Without a single alteration, write the listing out again.

-------- Provided information --------

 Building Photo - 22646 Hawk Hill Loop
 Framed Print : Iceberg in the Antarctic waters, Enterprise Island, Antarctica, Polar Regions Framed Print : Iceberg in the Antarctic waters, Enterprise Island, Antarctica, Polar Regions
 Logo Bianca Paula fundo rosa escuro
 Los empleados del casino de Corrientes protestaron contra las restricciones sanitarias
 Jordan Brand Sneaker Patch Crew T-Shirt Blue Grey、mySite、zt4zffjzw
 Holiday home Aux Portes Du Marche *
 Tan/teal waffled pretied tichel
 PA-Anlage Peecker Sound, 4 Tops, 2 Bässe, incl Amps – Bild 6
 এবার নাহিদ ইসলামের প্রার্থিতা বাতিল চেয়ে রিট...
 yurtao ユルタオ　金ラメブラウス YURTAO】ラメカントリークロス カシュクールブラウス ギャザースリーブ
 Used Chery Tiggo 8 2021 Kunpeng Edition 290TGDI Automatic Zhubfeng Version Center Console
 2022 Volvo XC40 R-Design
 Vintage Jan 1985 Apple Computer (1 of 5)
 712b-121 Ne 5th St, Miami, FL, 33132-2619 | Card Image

--------

Task solution:
 Building Photo - 22646 Hawk Hill Loop
 Framed Print : Iceberg in the Antarctic waters, Enterprise Island, Antarctica, Polar Regions Framed Print : Iceberg in the Antarctic waters, Enterprise Island, Antarctica, Polar Regions
 Logo Bianca Paula fundo rosa escuro
 Los empleados del casino de Corrientes protestaron contra las restricciones sanitarias
 Jordan Brand Sneaker Patch Crew T-Shirt Blue Grey、mySite、zt4zffjzw
 Holiday home Aux Portes Du Marche *
 Tan/teal waffled pretied tichel
 PA-Anlage Peecker Sound, 4 Tops, 2 Bässe, incl Amps – Bild 6
 এবার নাহিদ ইসলামের প্রার্থিতা বাতিল চেয়ে রিট...
 yurtao ユルタオ　金ラメブラウス YURTAO】ラメカントリークロス カシュクールブラウス ギャザースリーブ
 Used Chery Tiggo 8 2021 Kunpeng Edition 290TGDI Automatic Zhubfeng Version Center Console
 2022 Volvo XC40 R-Design
 Vintage Jan 1985 Apple Computer (1 of 5)
 712b-121 Ne 5th St, Miami, FL, 33132-2619 | Card Image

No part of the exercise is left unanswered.